Velappan’s tenure was not without controversy. One of the biggest was when he organised a walkout of Asian football delegates at the 1999 Fifa Congress in Los Angeles because they were unhappy with Asia’s allocation of spots for the 2002 World Cup.

One of his greatest traits was his ability to smile and stay calm in the face of adversity. That was never better illustrated than at a dramatic AFC Exco meeting in the late 90s when then president, Sultan Ahmed Shah, was plotting to have him sacked.

The president was ready to throw the book at Velappan but the general secretary was never required to lift a finger to defend himself. One by one, the Exco members spoke up in defence of Velappan and, at the end, demanded that Sultan Ahmed Shah withdraw the motion to sack him.

The president had no choice but to agree. At this, Velappan looked up for the first time and continued with the meeting agenda as if nothing happened.

Not only was Velappan still in a job but he had more support than ever before.

It was this kind of demeanour that helped him bring peace between bitter rivalries within AFC – whether it was East Asia vs West Asia, or the many issues between Japan, South Korea and China.

“I supposed I remembered him most for his PR skills,” said Malaysian Michelle Chai, a former AFC official who is now general manager of the Badminton Association of Malaysia.

“It was amazing how cool he was at a time when the East was always having a go at the West and vice versa. Same thing with Japan vs Korea vs China. But he somehow managed them together.”

Then there was the 2004 Asian Cup in China, when Velappan criticised the Chinese fans for jeering at AFC officials and also slammed the facilities and organisation. Chinese officials were furious and Velappan later apologised, saying he misunderstood why the Chinese fans were booing.

However, the next day he was seen at an event in Jinan, Shandong, smiling and joking with media and showing no remorse whatsoever.

He later whispered: “The organisers needed a kick. They needed to do something and now, they have.”

His later years at the AFC were difficult. The third president he worked under, Qatari Mohamed Bin Hammam, was more of a hands-on leader than his previous two bosses. Often, their work would conflict but Velappan supported Bin Hammam’s Vision Asia project – to enhance the development of football across the region – wholeheartedly.

The relationship virtually broke down during Bin Hammam’s second term as president, when it was clear that the Qatari would be targeting the Fifa presidency.

“He was a very good president in the first four years but after that, he was more interested in the power,” Velappan would say.

Velappan retired from the AFC in 2007 but returned briefly in public to support Sheikh Salman Bin Ibrahim Al-Khalifa – the sitting AFC president – when he challenged, and failed, to dislodge Bin Hamman from his Fifa Exco seat.
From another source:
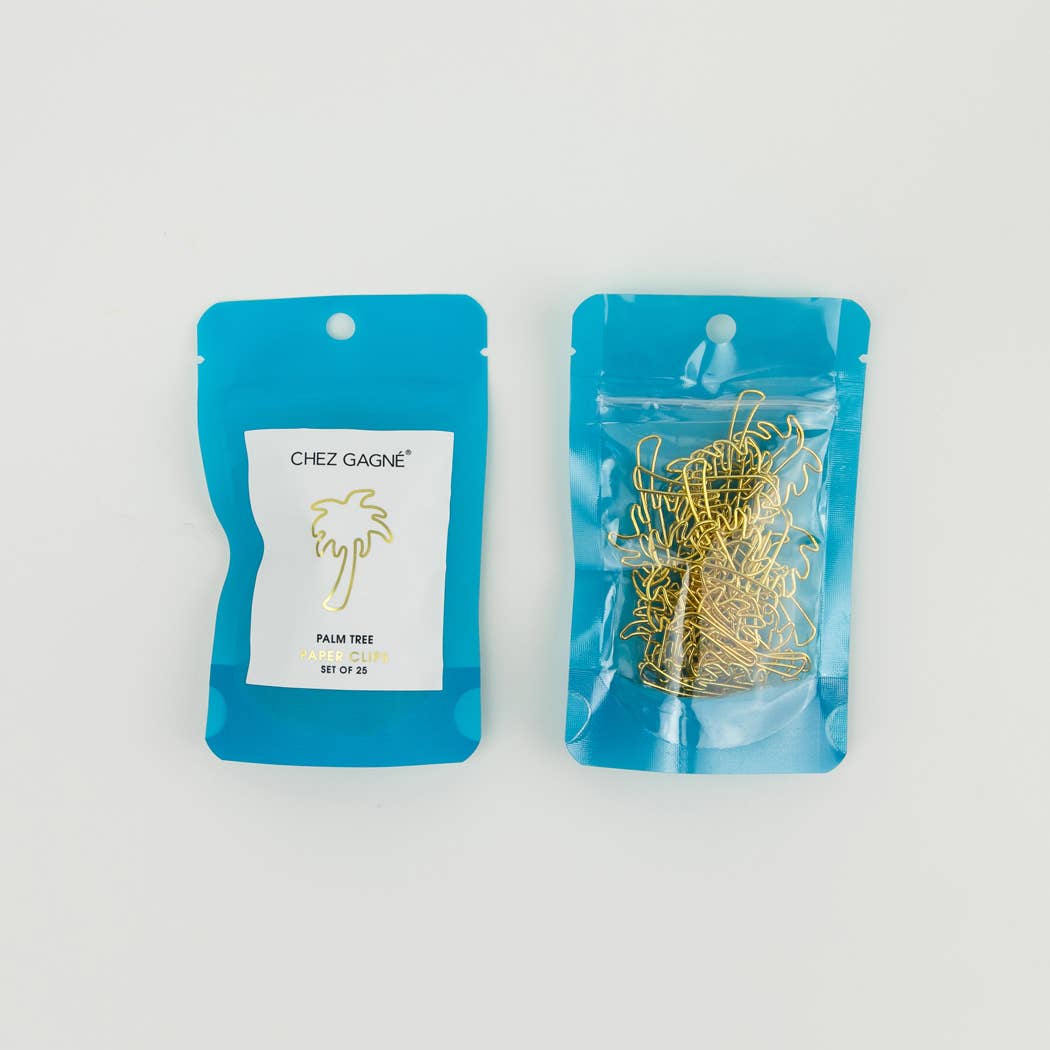 Two blue resealable pouches on a white background: one labeled 'CHEZ GAGNÉ PALM TREE WIRE CLIPS SET OF 20' and one clear pouch containing gold palm tree wire clips.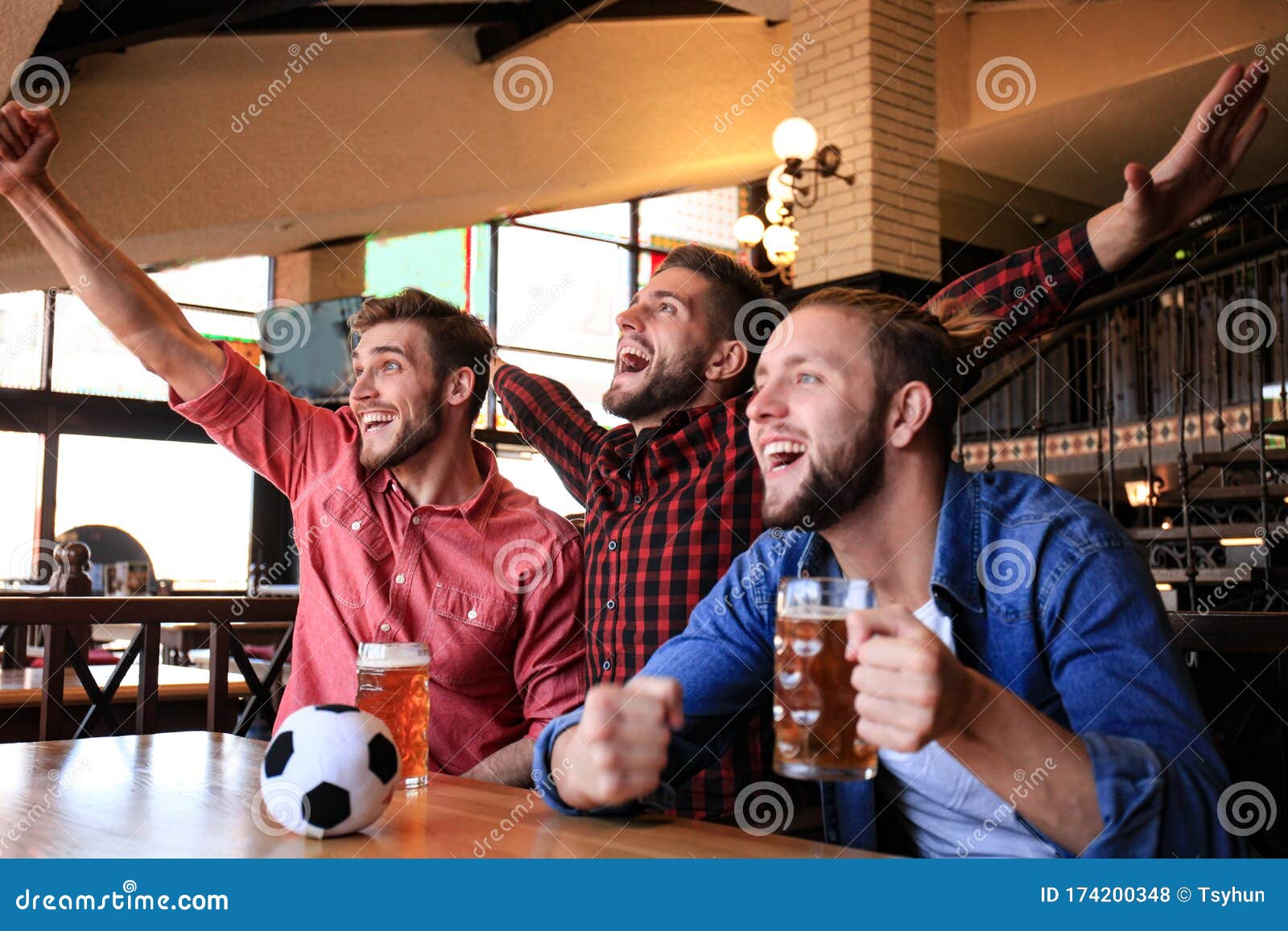 Amigos bebendo cerveja e assistindo jogo de futebol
He said after his retirement that he would write his memoirs and play more golf, for which he was a scratch handicapper at his peak.

“I don’t know if his memoirs ever were published but he sent me the manuscript,” said Charters. “There was one piece of colour that I liked and it was his first memory, of being raised on a rubber plantation and watching the British farmers and managers packing up and leaving.”

According to Charters, Velappan had written: “[I remember] the deathly silence and confusion that followed because none of the rubber plantations could work without their oversight. And then over the hills and through the surrounding jungle emerged the Japanese invaders.”